* ACTION ITEM
Return exactly the span of lines in the following data that opens with the line containing "Good afternoon everyone, this" and closes with the line containing "Abort. And as". Include nothing else.

* ENTRIES SHOWN
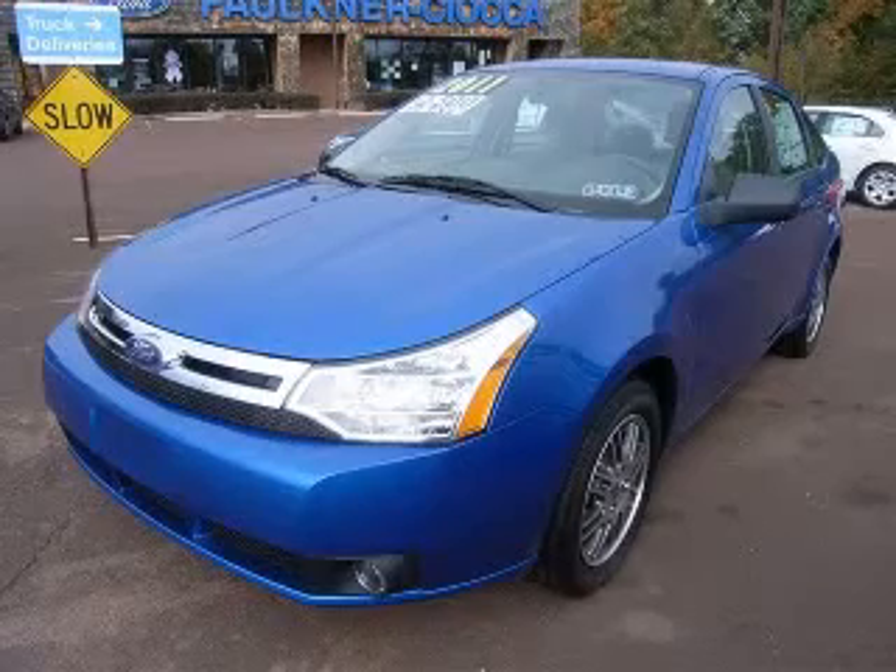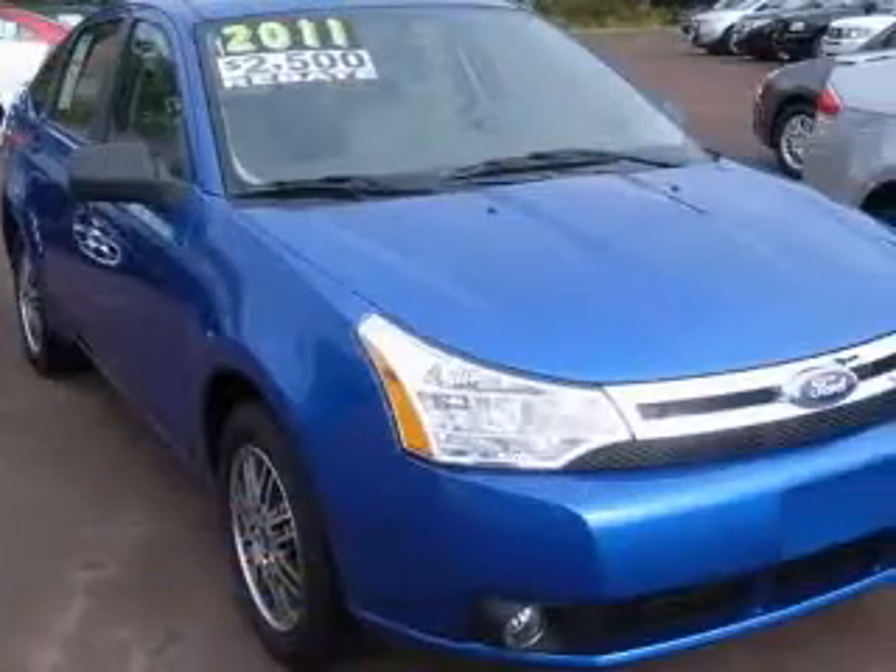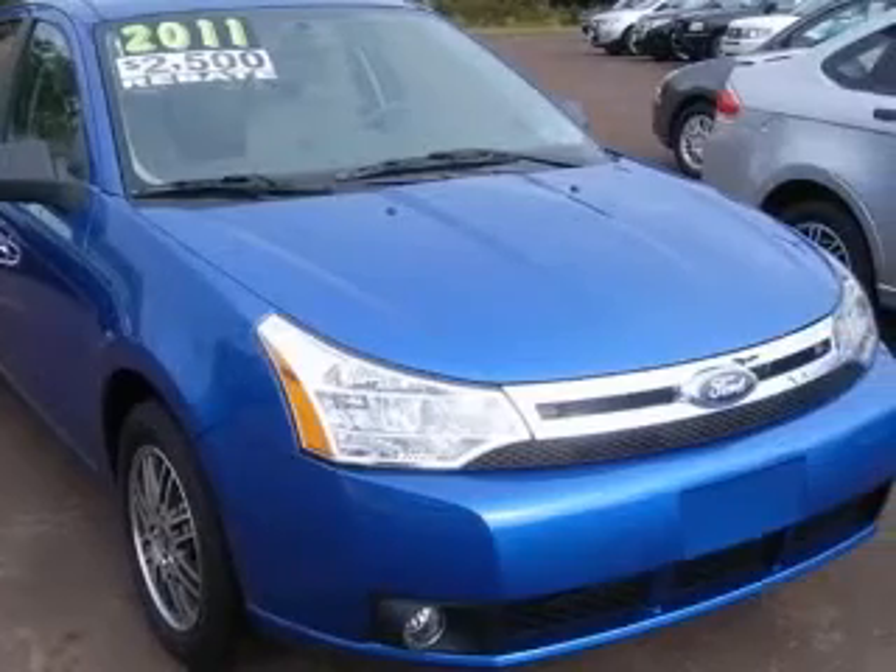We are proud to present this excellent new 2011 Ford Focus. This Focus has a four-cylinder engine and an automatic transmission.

--

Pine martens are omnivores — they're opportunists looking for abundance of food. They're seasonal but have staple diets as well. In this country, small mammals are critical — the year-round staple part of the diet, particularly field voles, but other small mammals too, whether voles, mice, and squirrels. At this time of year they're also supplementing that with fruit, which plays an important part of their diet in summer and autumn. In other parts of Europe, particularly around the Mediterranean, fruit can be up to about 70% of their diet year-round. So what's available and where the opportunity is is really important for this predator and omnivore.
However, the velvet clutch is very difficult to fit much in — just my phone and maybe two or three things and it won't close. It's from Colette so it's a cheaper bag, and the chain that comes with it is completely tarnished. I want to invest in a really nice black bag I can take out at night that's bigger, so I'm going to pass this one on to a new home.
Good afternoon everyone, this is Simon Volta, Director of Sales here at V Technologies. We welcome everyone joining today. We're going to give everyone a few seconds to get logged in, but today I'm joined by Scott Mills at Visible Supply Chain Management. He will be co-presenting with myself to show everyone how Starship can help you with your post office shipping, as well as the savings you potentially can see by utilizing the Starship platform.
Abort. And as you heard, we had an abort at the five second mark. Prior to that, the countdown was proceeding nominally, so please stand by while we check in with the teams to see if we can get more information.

==

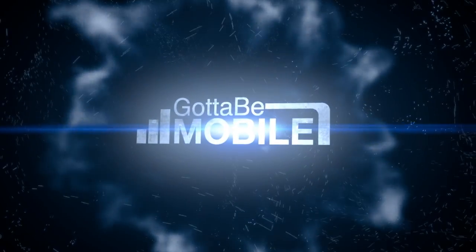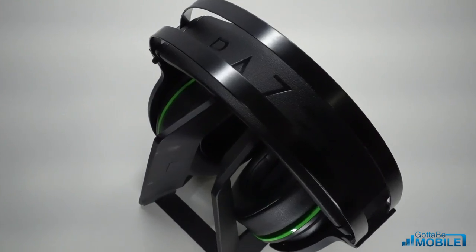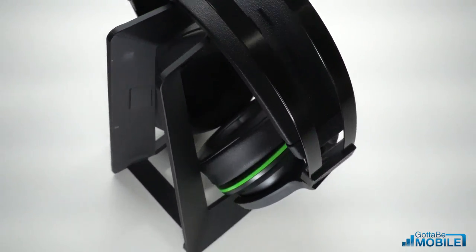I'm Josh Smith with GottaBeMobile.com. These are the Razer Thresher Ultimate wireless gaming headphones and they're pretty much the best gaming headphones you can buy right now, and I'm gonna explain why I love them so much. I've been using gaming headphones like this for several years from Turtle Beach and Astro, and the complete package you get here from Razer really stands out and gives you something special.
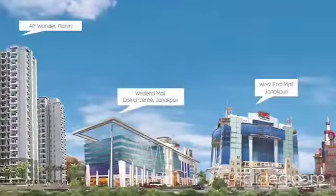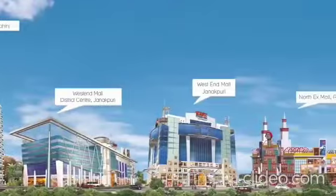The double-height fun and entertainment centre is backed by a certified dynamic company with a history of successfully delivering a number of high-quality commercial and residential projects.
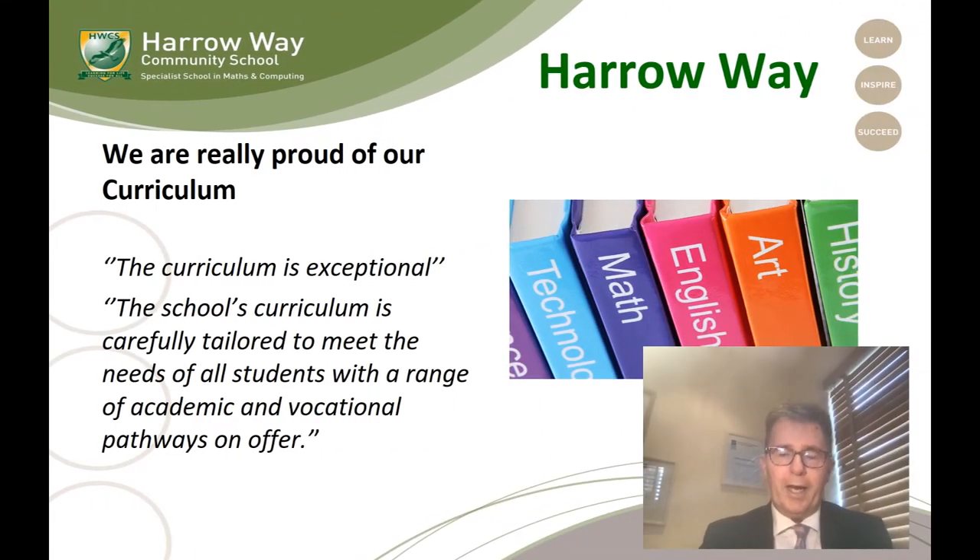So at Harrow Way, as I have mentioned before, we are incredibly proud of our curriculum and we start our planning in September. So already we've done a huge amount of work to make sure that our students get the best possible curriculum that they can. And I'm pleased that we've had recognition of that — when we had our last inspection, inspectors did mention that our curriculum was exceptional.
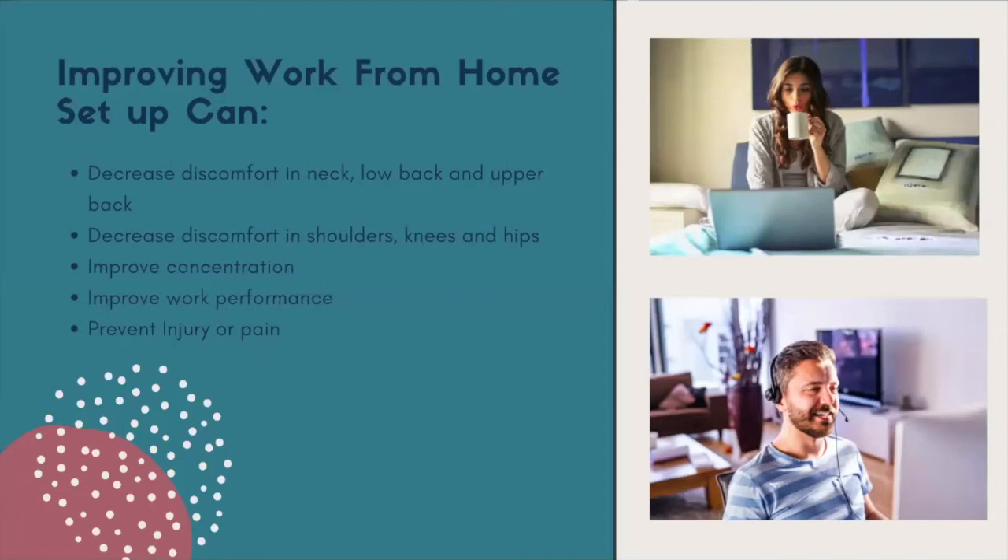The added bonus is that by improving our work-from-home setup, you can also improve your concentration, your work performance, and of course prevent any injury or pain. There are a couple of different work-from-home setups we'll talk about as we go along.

* OUTPUT FOR THIS EXERCISE
Good afternoon everyone, this is Simon Volta, Director of Sales here at V Technologies. We welcome everyone joining today. We're going to give everyone a few seconds to get logged in, but today I'm joined by Scott Mills at Visible Supply Chain Management. He will be co-presenting with myself to show everyone how Starship can help you with your post office shipping, as well as the savings you potentially can see by utilizing the Starship platform.
Abort. And as you heard, we had an abort at the five second mark. Prior to that, the countdown was proceeding nominally, so please stand by while we check in with the teams to see if we can get more information.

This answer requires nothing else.